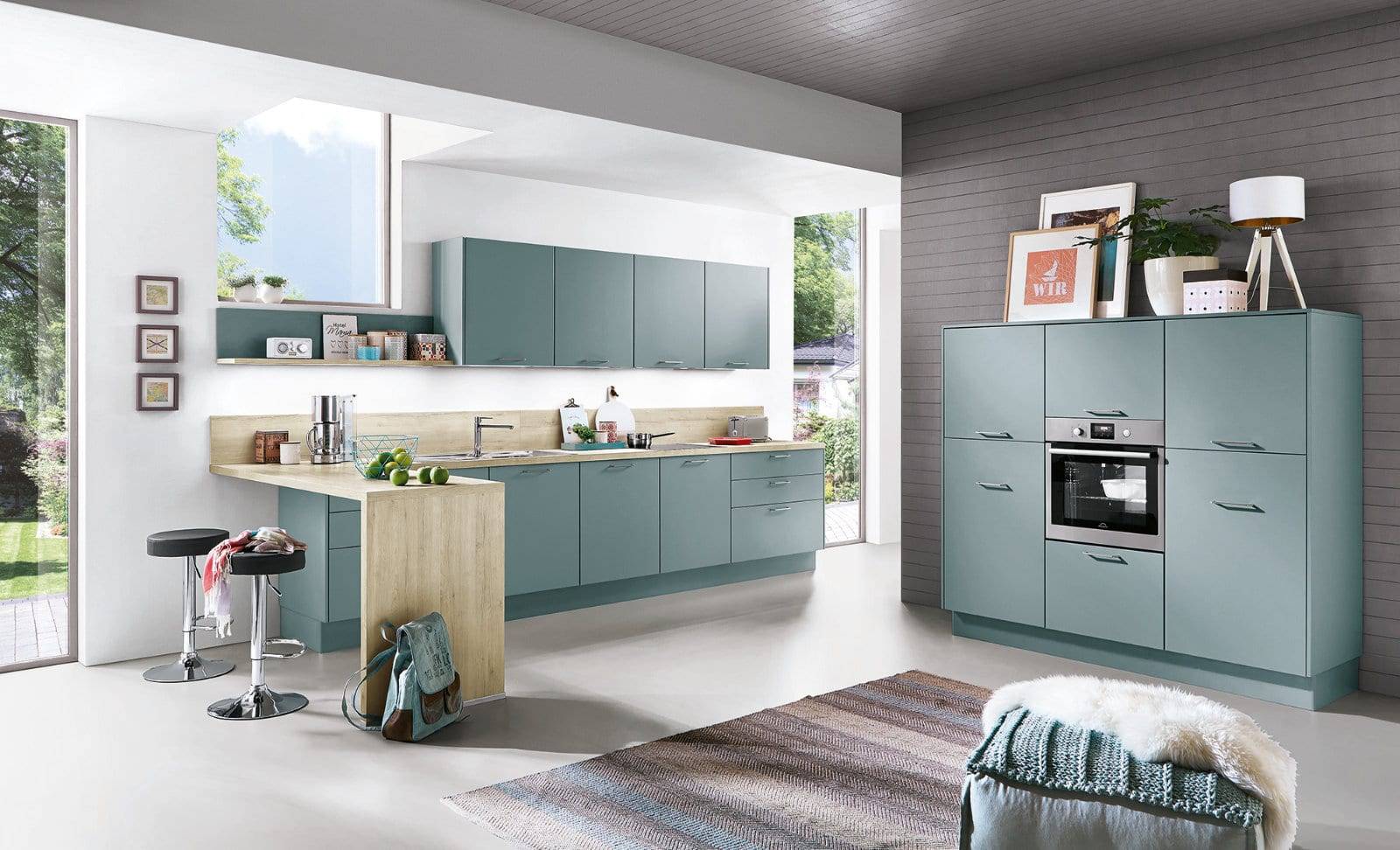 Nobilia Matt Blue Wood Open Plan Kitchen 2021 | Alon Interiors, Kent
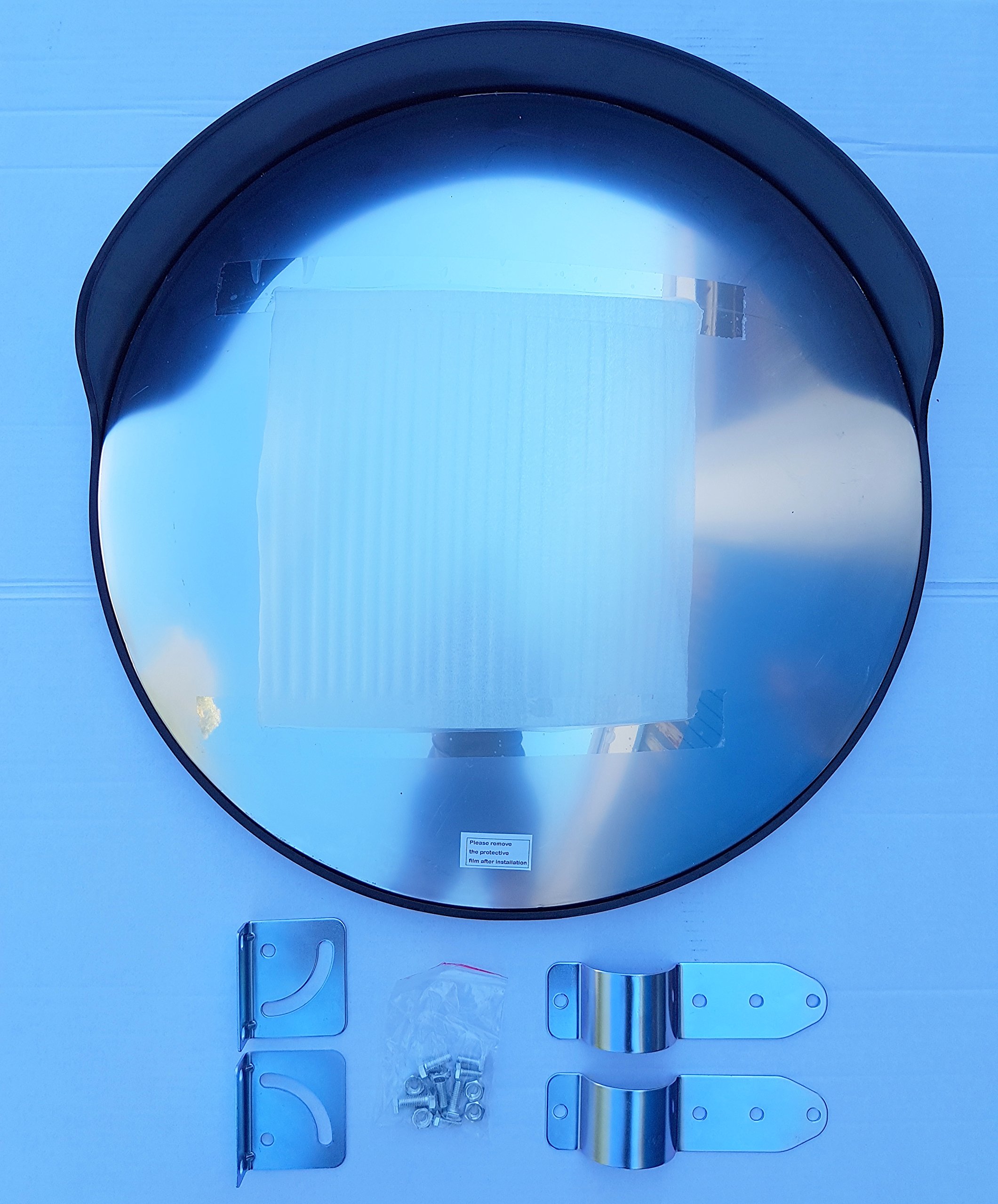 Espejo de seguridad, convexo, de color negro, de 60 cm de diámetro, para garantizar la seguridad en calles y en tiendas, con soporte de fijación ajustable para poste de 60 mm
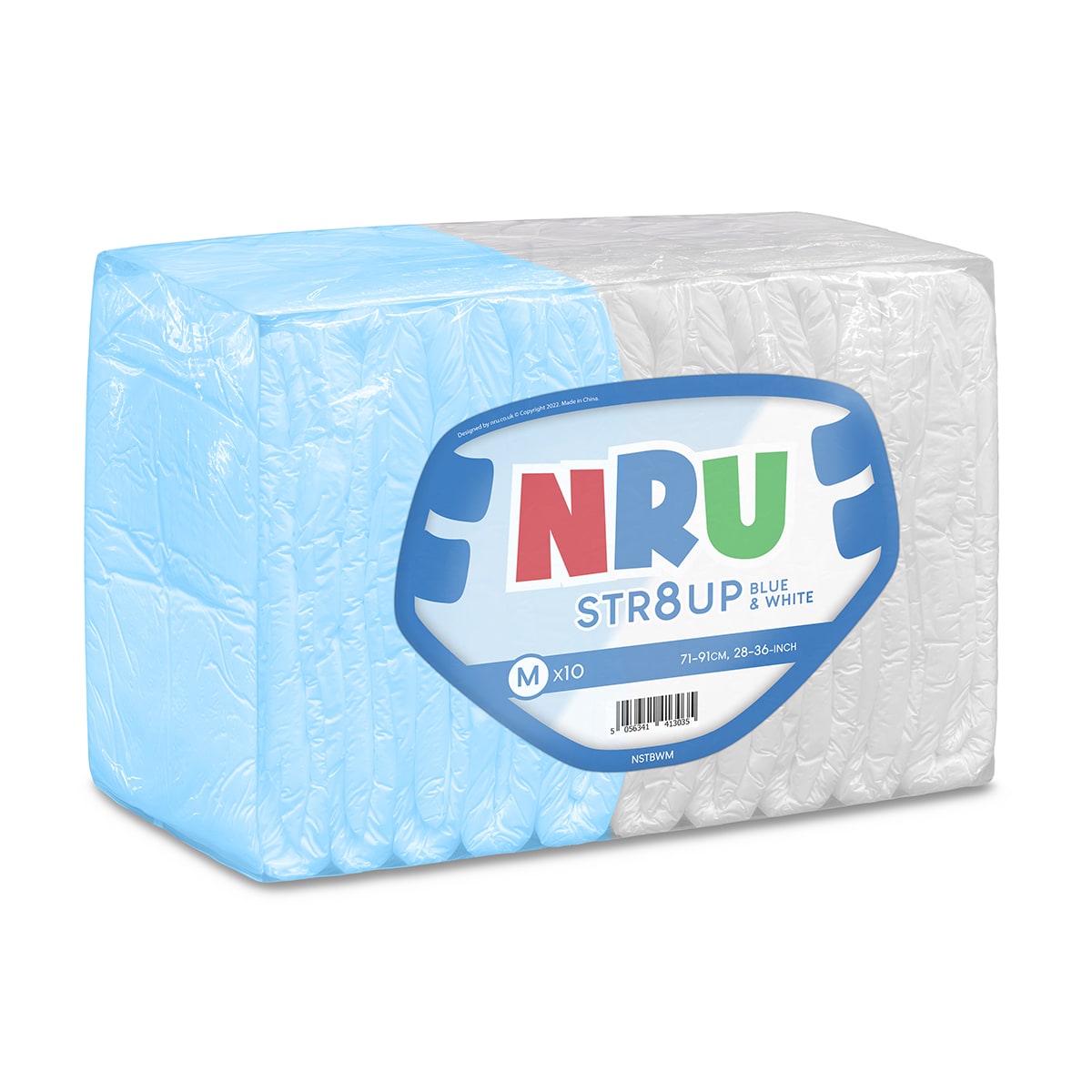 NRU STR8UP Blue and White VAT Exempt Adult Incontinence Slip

**What is needed:** Every line from the one containing "Espejo de seguridad, convexo, de" through the last line of the data is to be retyped exactly, with nothing added and no pictures included.

**Response to this exercise:**
 Espejo de seguridad, convexo, de color negro, de 60 cm de diámetro, para garantizar la seguridad en calles y en tiendas, con soporte de fijación ajustable para poste de 60 mm
 NRU STR8UP Blue and White VAT Exempt Adult Incontinence Slip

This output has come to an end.